Au Canada, la Loi visant à interdire et à prévenir la discrimination génétique est entrée en vigueur en mai 2017. Cette loi interdit notamment le fait d’obliger une personne à subir un test génétique ou à en communiquer les résultats comme condition préalable à la fourniture de biens et de services. Elle modifie également la Loi canadienne sur les droits de la personne afin d’interdire la discrimination fondée sur les caractéristiques génétiques d’une personne. En décembre 2018, la Cour d’appel du Québec a toutefois jugé cette loi invalide au motif qu’elle ne relève pas d’un champ de compétence fédérale.
La Coalition canadienne pour l’équité génétique a porté cette décision en appel devant la Cour suprême, qui se prononcera sur l’affaire au cours des prochains mois. Des enjeux importants sont également soulevés par les développements récents en matière de tests génétiques prénataux.

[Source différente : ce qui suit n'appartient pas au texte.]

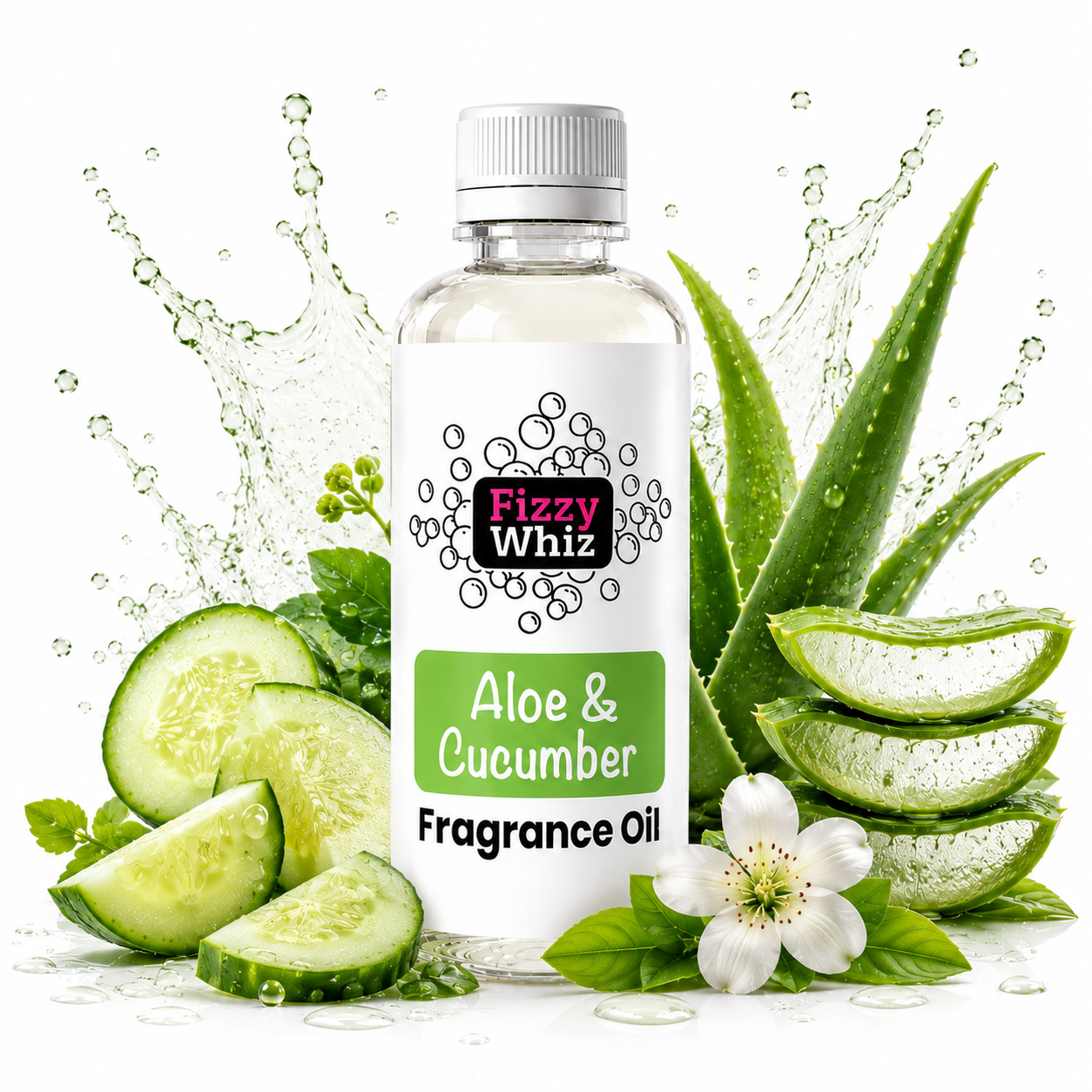 A clear bottle of Fizzy Whiz Aloe & Cucumber Fragrance Oil centered on a white background, surrounded by sliced cucumbers, aloe vera leaves, mint leaves, a white flower, and water droplets. The label is white with green and black text.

Depuis 2011, un nouveau test prénatal non invasif (TPNI) est proposé aux femmes enceintes durant le premier trimestre de grossesse afin de dépister le syndrome de Down. Consistant en une simple prise de sang maternel, il s’agit d’une technique plus fiable, plus sécuritaire pour le foetus, et qui peut être utilisée plus tôt durant la grossesse que la méthode utilisée auparavant pour ce type de dépistage génétique. Selon certains spécialistes, ces caractéristiques, conjuguées aux intérêts commerciaux en faveur de la routinisation du TPNI, risquent d’accentuer la pression sur les femmes, qui se retrouvent avec le fardeau moral de décider si oui ou non elles acceptent d’effectuer ce test, sans pour autant être bien informées par le personnel médical face à cette décision.
Qui plus est, le nombre de conditions que peut dépister le TPNI augmente progressivement, de sorte qu’il devrait bientôt pouvoir offrir un large éventail d’informations génétiques sur le foetus. Il y a lieu de se questionner à savoir si la possibilité d’obtenir une quantité accrue d’informations génétiques sur un foetus est un développement positif des points de vue individuel et sociétal. Dans quelle mesure préserve-t-on le droit des femmes enceintes de ne pas être informées de la probabilité que leur foetus présente des conditions génétiques atypiques? À l’échelle sociétale, le dépistage génétique prénatal n’encourage-t-il pas l’eugénisme? Pour certains analystes, les tests génétiques, ainsi que la « compréhension génétique de la santé » qu’ils façonnent, reflètent l’accent que met notre société sur la responsabilité individuelle et la productivité. Pour reprendre les mots de Roxanne Mykitiuk, « avec les tests génétiques, les individus sont appelés à s’autosurveiller afin de réduire le fardeau de la maladie pour eux-mêmes et pour la société dans son ensemble » et maintenir, ce faisant, un « ordre discipliné de citoyens productifs ».